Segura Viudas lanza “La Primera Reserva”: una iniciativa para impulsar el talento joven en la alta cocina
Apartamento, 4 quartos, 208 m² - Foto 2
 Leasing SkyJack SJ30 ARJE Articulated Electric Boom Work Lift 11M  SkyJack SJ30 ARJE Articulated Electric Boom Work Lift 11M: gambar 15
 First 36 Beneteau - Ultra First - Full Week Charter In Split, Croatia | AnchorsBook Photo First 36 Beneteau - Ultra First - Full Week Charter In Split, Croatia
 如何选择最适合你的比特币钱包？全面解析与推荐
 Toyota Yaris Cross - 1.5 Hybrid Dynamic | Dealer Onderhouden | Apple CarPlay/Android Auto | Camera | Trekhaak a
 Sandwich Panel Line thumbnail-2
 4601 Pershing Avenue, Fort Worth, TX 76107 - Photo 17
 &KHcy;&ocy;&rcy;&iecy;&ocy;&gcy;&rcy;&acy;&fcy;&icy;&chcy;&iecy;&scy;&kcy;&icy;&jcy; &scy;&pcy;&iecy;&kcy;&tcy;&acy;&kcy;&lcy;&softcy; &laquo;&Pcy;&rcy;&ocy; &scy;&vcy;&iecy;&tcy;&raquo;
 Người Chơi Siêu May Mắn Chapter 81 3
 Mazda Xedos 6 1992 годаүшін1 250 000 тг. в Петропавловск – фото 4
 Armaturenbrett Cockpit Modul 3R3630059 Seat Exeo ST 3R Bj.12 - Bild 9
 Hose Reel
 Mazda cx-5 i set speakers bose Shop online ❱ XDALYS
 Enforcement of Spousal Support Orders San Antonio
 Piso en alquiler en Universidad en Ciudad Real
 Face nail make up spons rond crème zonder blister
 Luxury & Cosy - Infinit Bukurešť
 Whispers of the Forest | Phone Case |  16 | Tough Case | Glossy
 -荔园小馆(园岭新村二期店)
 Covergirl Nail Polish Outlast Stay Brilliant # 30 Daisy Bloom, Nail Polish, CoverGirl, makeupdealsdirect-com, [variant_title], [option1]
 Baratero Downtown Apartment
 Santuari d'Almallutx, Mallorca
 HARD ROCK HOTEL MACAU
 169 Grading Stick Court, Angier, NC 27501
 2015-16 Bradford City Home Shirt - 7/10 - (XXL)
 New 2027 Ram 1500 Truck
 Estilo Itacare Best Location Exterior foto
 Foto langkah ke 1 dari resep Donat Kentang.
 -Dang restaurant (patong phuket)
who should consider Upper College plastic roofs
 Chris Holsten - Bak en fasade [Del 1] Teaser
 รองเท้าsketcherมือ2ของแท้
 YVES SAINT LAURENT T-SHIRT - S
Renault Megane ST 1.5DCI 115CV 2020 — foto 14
────────────────────
EXERCISE: Determine which lines above include the word "Photo", and report those lines in full.

RESPONSE BELOW:
 First 36 Beneteau - Ultra First - Full Week Charter In Split, Croatia | AnchorsBook Photo First 36 Beneteau - Ultra First - Full Week Charter In Split, Croatia
 4601 Pershing Avenue, Fort Worth, TX 76107 - Photo 17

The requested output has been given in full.